SUPPLIED MATERIAL ->
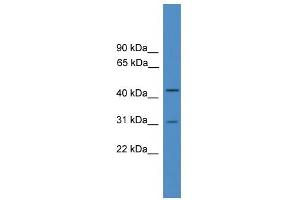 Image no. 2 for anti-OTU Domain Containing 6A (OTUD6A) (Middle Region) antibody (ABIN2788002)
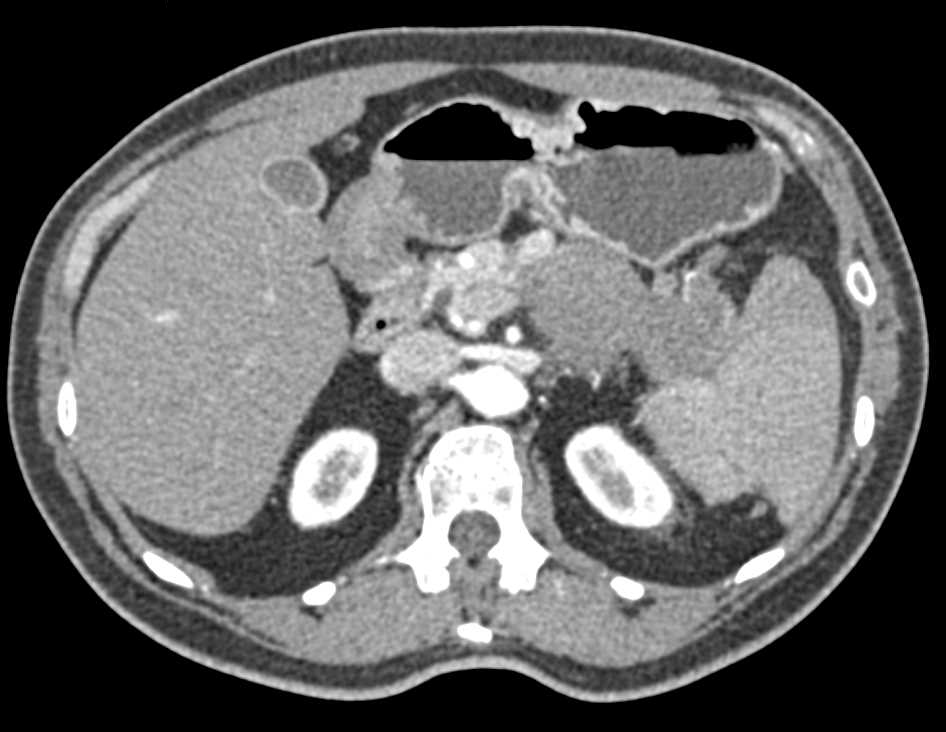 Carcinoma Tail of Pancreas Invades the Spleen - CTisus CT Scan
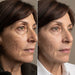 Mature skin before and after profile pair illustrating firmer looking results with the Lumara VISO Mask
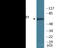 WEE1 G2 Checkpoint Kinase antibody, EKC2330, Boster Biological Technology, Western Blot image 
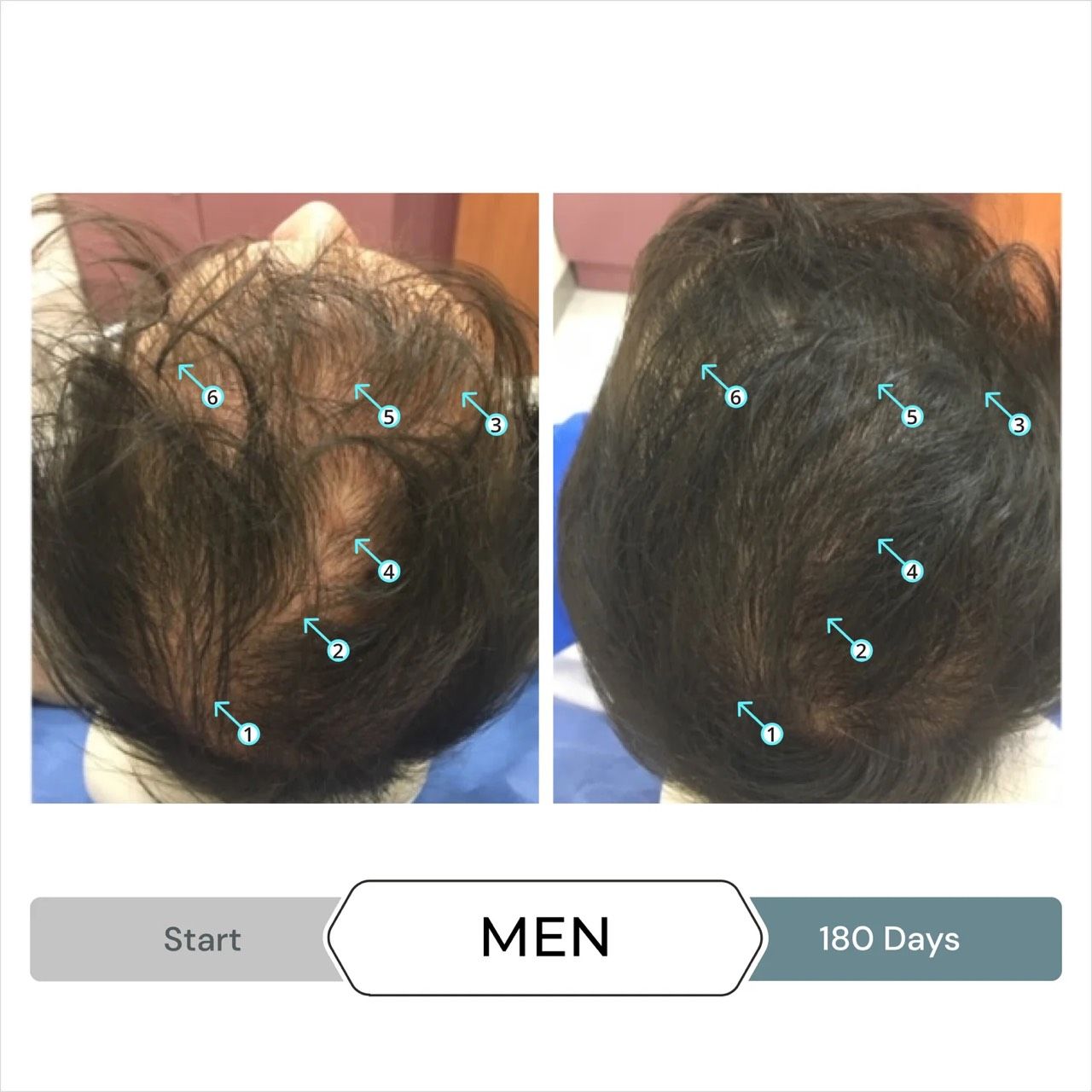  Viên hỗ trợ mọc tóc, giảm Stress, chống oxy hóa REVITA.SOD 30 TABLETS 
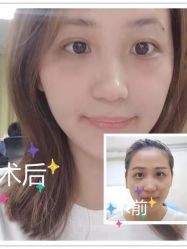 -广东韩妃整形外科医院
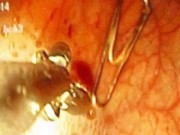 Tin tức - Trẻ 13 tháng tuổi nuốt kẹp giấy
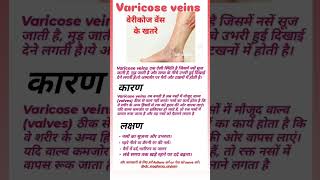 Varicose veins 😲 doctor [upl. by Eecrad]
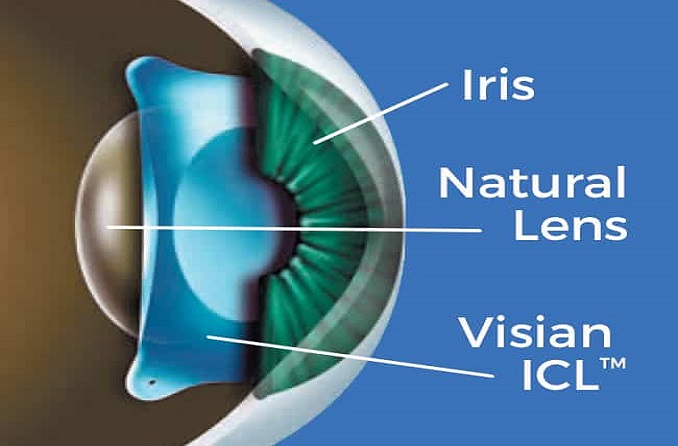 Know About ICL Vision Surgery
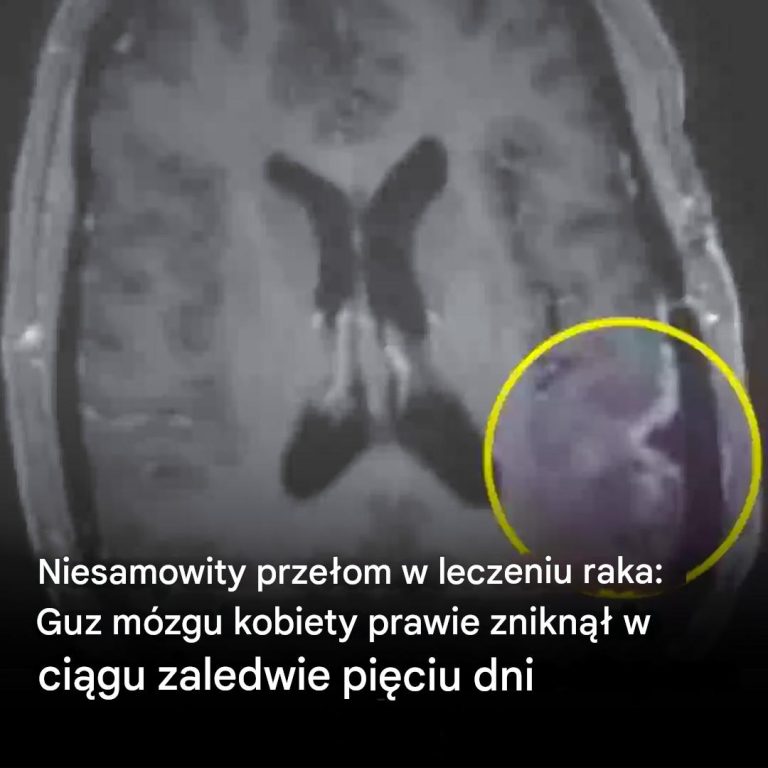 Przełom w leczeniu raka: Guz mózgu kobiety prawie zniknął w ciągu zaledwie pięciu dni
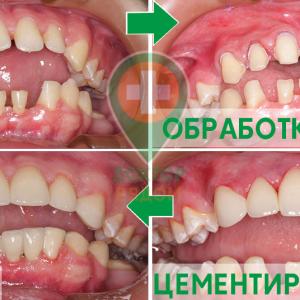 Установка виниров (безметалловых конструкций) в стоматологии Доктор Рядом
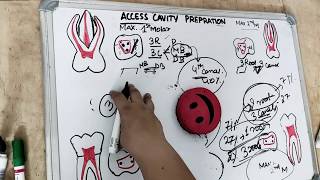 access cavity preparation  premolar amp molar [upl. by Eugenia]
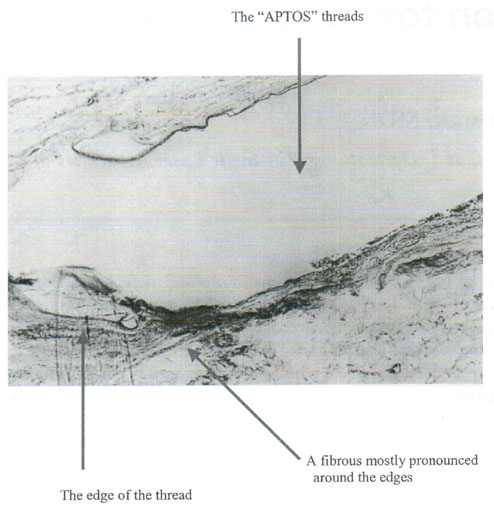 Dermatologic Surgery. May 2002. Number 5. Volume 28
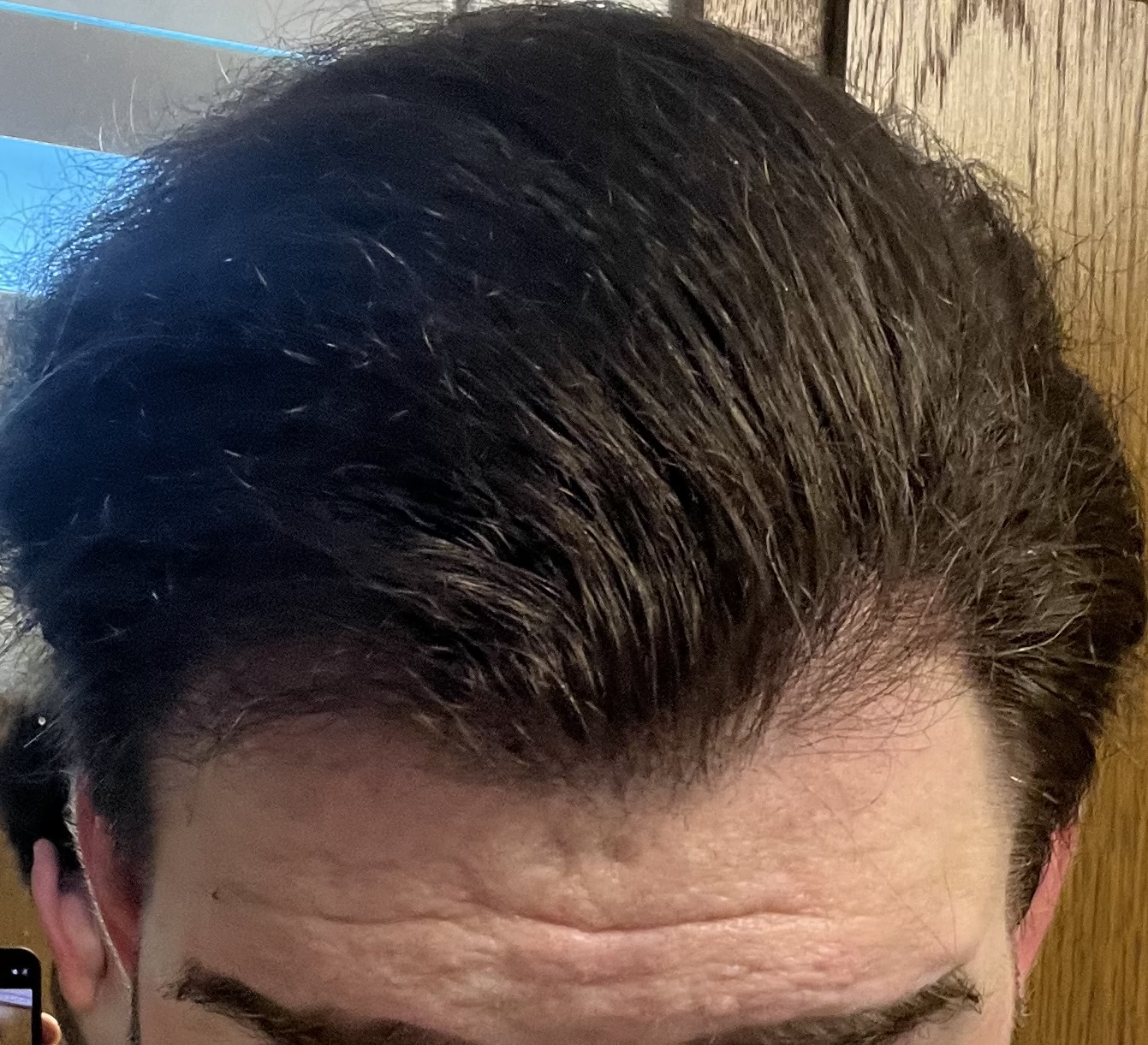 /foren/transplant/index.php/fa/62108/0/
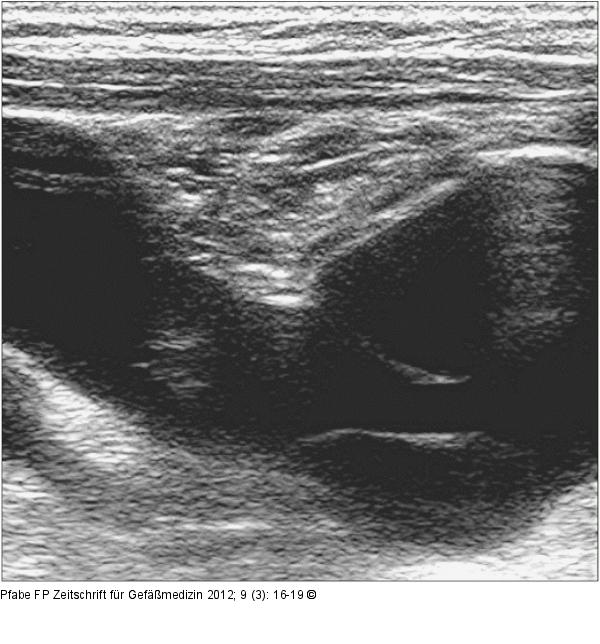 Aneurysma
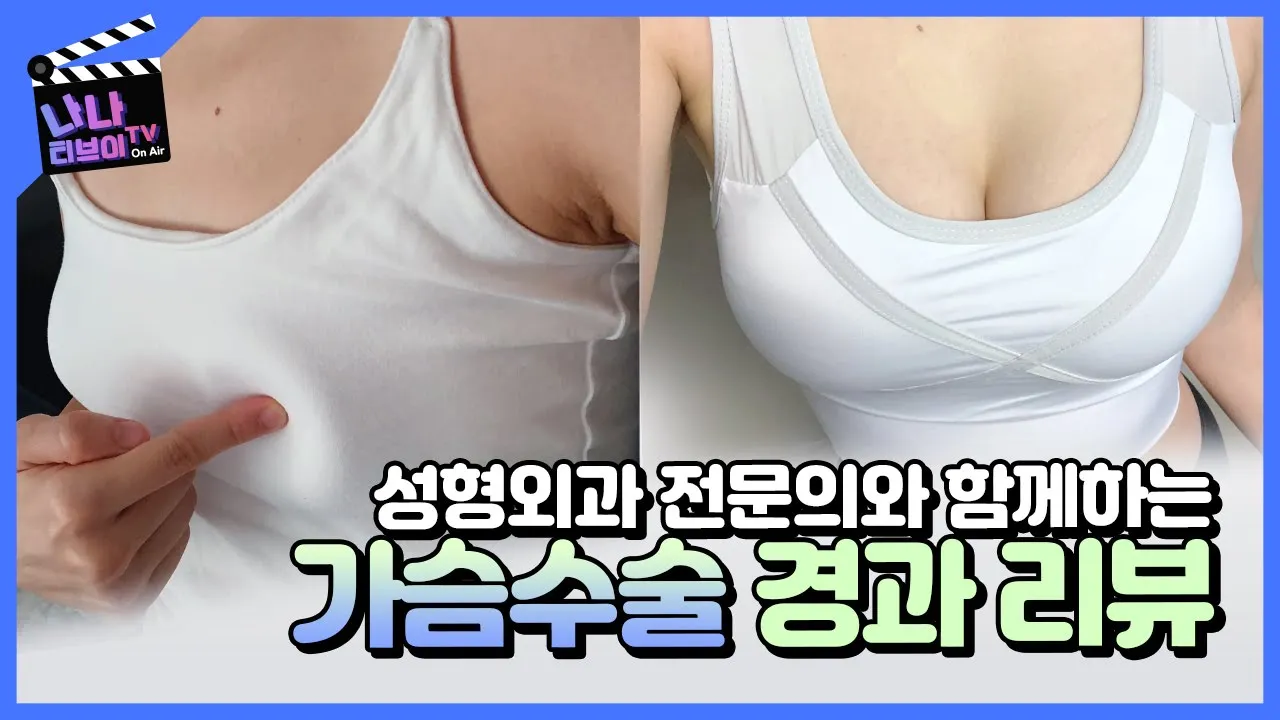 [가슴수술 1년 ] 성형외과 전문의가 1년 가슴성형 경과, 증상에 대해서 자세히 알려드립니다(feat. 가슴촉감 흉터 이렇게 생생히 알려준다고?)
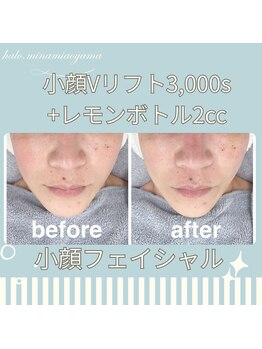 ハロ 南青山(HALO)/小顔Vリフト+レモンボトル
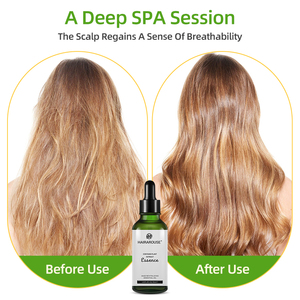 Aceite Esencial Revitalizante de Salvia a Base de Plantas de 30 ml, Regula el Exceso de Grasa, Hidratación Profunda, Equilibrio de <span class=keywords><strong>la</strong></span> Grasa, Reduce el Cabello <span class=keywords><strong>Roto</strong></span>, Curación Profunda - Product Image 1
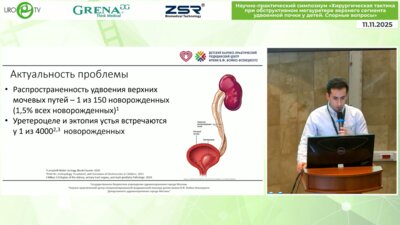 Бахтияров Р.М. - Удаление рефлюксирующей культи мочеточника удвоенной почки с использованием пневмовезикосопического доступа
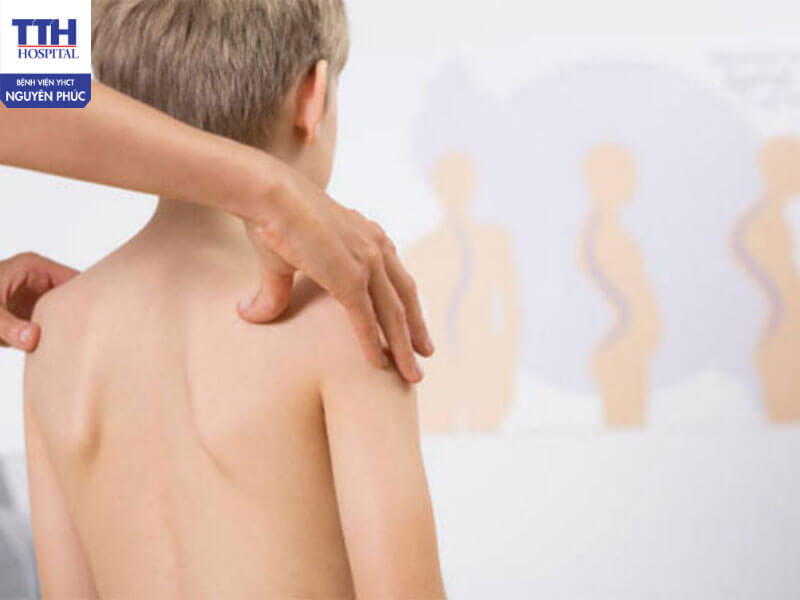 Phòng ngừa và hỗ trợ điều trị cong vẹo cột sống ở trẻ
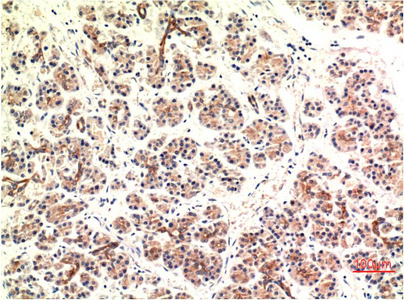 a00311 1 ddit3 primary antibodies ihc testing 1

WHAT THE EXERCISE ASKS -> Quote everything in the listing above exactly; pictures are the only thing to omit.

ANSWER FOR THE TASK ->
 Image no. 2 for anti-OTU Domain Containing 6A (OTUD6A) (Middle Region) antibody (ABIN2788002)
 Carcinoma Tail of Pancreas Invades the Spleen - CTisus CT Scan
 Mature skin before and after profile pair illustrating firmer looking results with the Lumara VISO Mask
 WEE1 G2 Checkpoint Kinase antibody, EKC2330, Boster Biological Technology, Western Blot image 
  Viên hỗ trợ mọc tóc, giảm Stress, chống oxy hóa REVITA.SOD 30 TABLETS 
 -广东韩妃整形外科医院
 Tin tức - Trẻ 13 tháng tuổi nuốt kẹp giấy
 Varicose veins 😲 doctor [upl. by Eecrad]
 Know About ICL Vision Surgery
 Przełom w leczeniu raka: Guz mózgu kobiety prawie zniknął w ciągu zaledwie pięciu dni
 Установка виниров (безметалловых конструкций) в стоматологии Доктор Рядом
 access cavity preparation  premolar amp molar [upl. by Eugenia]
 Dermatologic Surgery. May 2002. Number 5. Volume 28
 /foren/transplant/index.php/fa/62108/0/
 Aneurysma
 [가슴수술 1년 ] 성형외과 전문의가 1년 가슴성형 경과, 증상에 대해서 자세히 알려드립니다(feat. 가슴촉감 흉터 이렇게 생생히 알려준다고?)
 ハロ 南青山(HALO)/小顔Vリフト+レモンボトル
 Aceite Esencial Revitalizante de Salvia a Base de Plantas de 30 ml, Regula el Exceso de Grasa, Hidratación Profunda, Equilibrio de <span class=keywords><strong>la</strong></span> Grasa, Reduce el Cabello <span class=keywords><strong>Roto</strong></span>, Curación Profunda - Product Image 1
 Бахтияров Р.М. - Удаление рефлюксирующей культи мочеточника удвоенной почки с использованием пневмовезикосопического доступа
 Phòng ngừa và hỗ trợ điều trị cong vẹo cột sống ở trẻ
 a00311 1 ddit3 primary antibodies ihc testing 1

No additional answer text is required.